:: PROBLEM TO SOLVE ::
An exact copy of every entry below is required, and no picture may appear in it.
------ GIVEN DATA ------
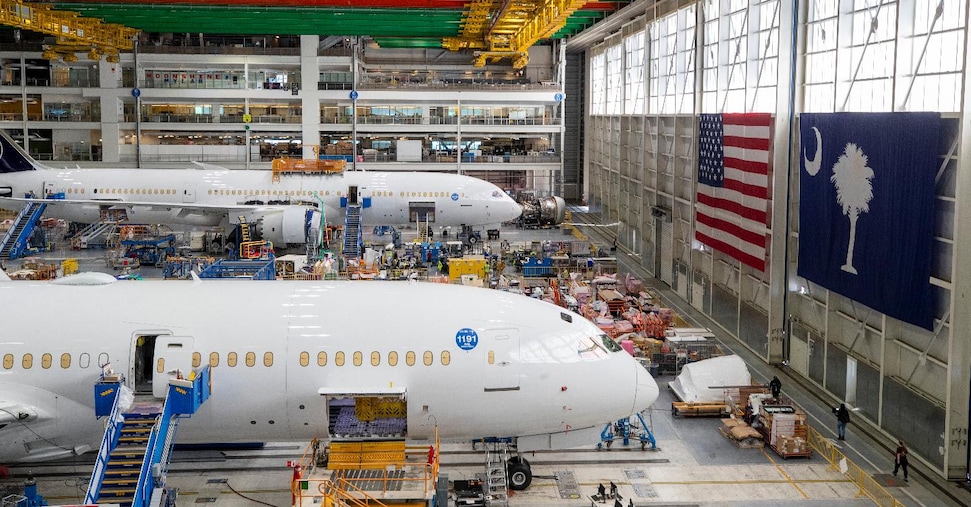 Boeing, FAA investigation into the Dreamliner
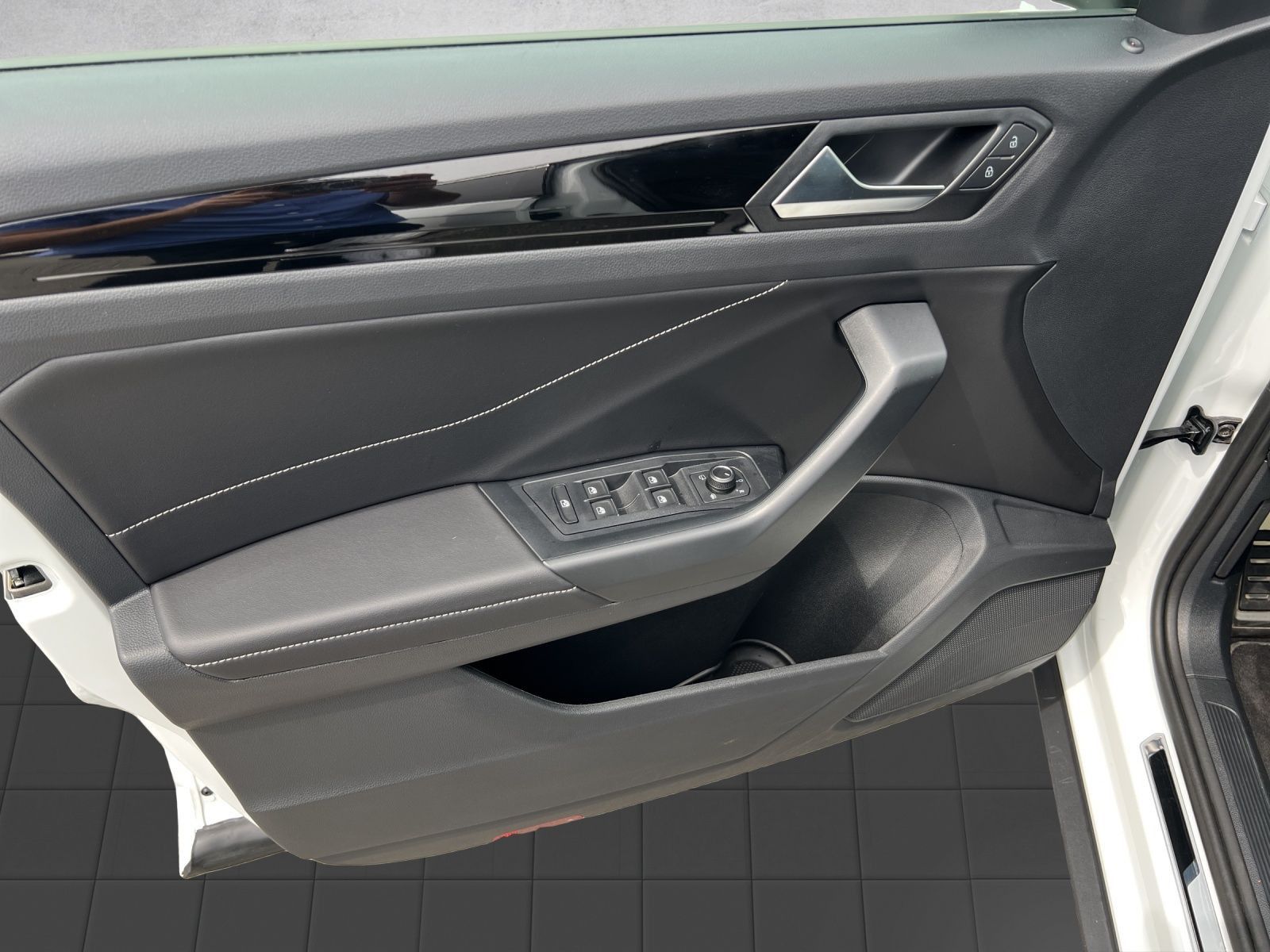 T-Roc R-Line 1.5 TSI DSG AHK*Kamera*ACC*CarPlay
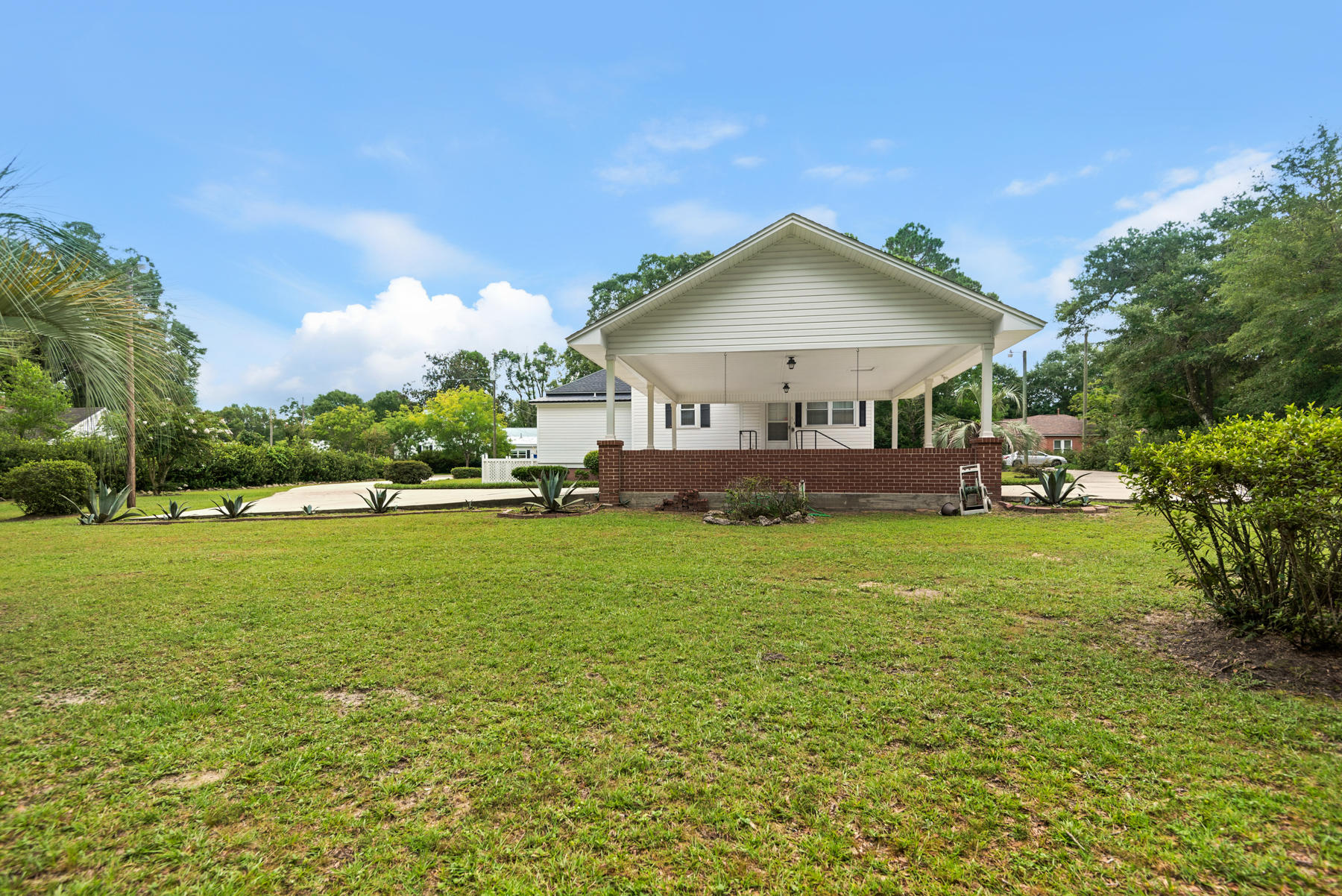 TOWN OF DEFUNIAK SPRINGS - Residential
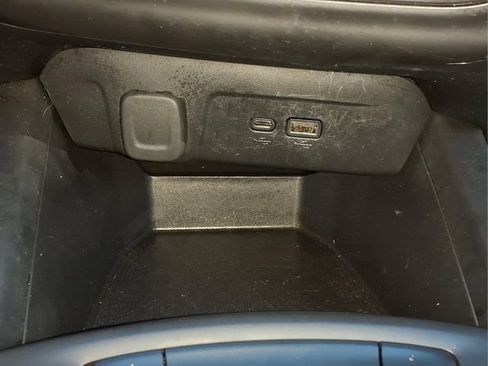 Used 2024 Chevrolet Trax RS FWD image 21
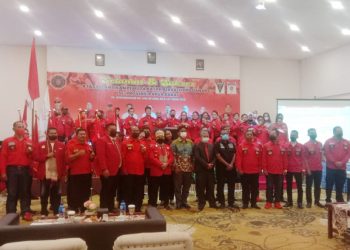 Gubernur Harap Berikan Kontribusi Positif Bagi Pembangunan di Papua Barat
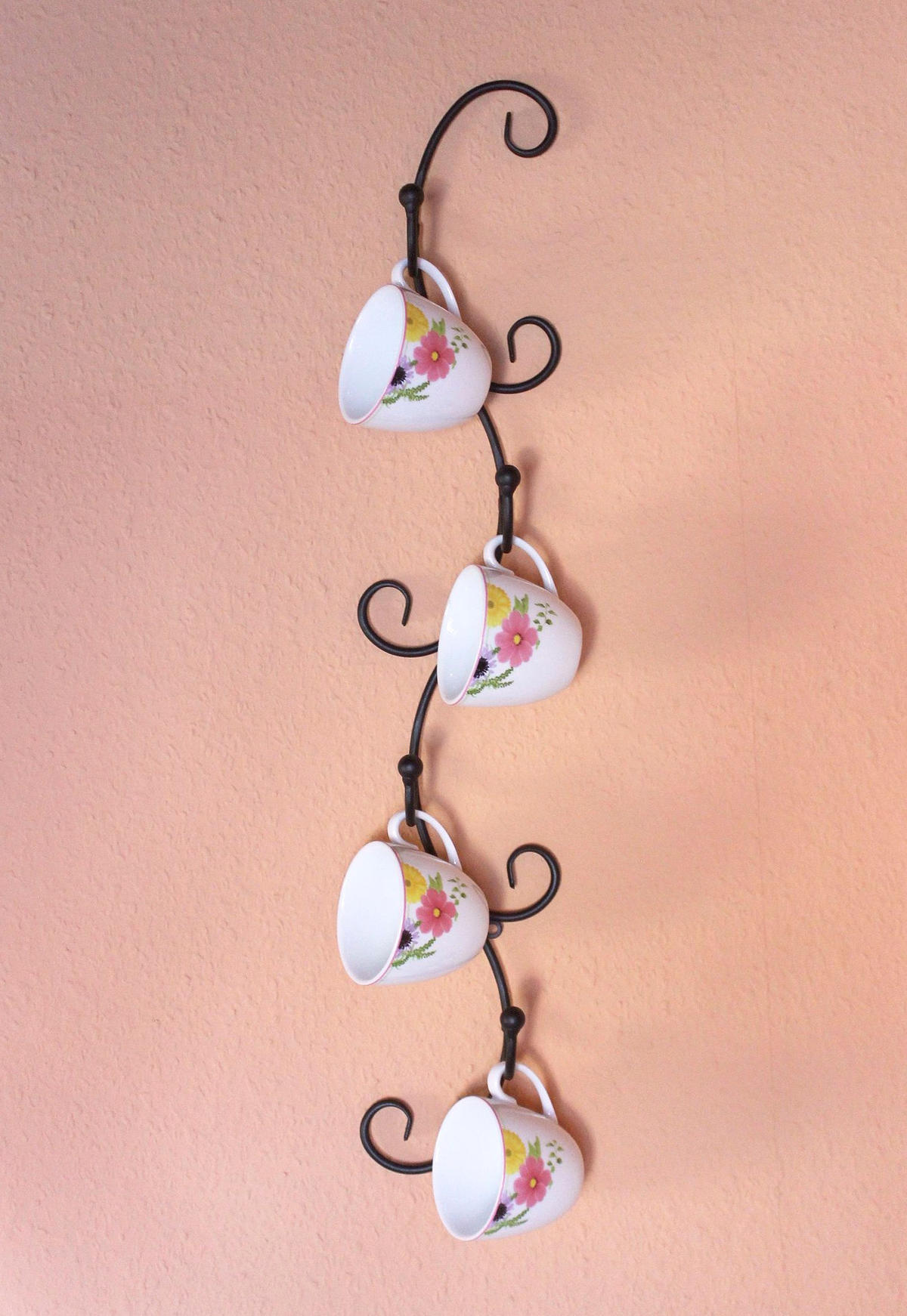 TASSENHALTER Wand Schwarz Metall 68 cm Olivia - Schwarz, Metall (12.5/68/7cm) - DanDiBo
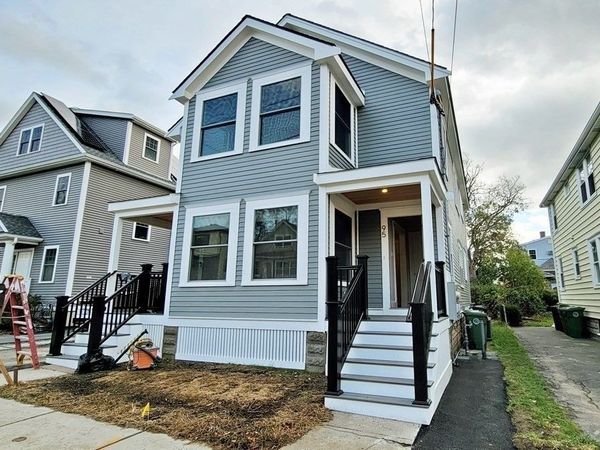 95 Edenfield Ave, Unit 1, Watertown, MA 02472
------
:: WRITTEN SOLUTION ::
 Boeing, FAA investigation into the Dreamliner
 T-Roc R-Line 1.5 TSI DSG AHK*Kamera*ACC*CarPlay
 TOWN OF DEFUNIAK SPRINGS - Residential
 Used 2024 Chevrolet Trax RS FWD image 21
 Gubernur Harap Berikan Kontribusi Positif Bagi Pembangunan di Papua Barat
 TASSENHALTER Wand Schwarz Metall 68 cm Olivia - Schwarz, Metall (12.5/68/7cm) - DanDiBo
 95 Edenfield Ave, Unit 1, Watertown, MA 02472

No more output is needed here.